Exercise brief –
Down to the last line, reproduce the data that follows, but skip the pictures.

Information supplied –
◆ ◆ ◆ ◆ ◆

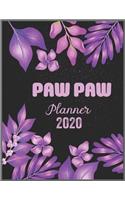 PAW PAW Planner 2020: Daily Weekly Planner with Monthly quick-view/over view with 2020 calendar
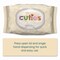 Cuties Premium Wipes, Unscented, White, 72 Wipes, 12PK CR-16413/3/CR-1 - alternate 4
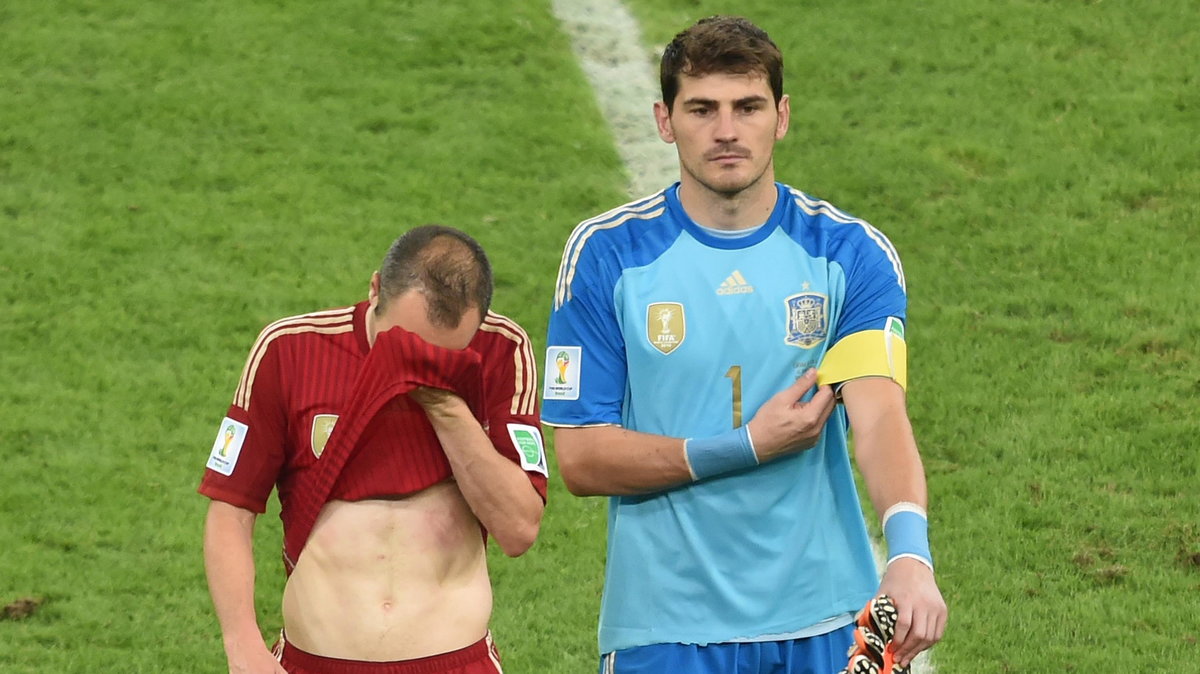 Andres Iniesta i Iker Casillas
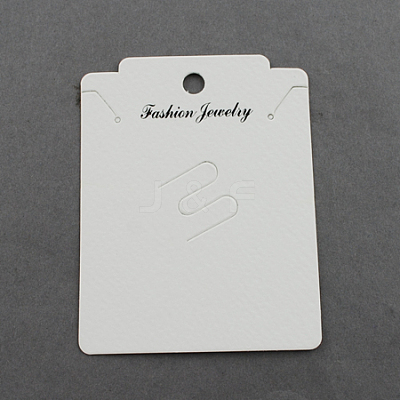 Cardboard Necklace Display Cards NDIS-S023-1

◆ ◆ ◆ ◆ ◆

Answer box –
 PAW PAW Planner 2020: Daily Weekly Planner with Monthly quick-view/over view with 2020 calendar
 Cuties Premium Wipes, Unscented, White, 72 Wipes, 12PK CR-16413/3/CR-1 - alternate 4
 Andres Iniesta i Iker Casillas
 Cardboard Necklace Display Cards NDIS-S023-1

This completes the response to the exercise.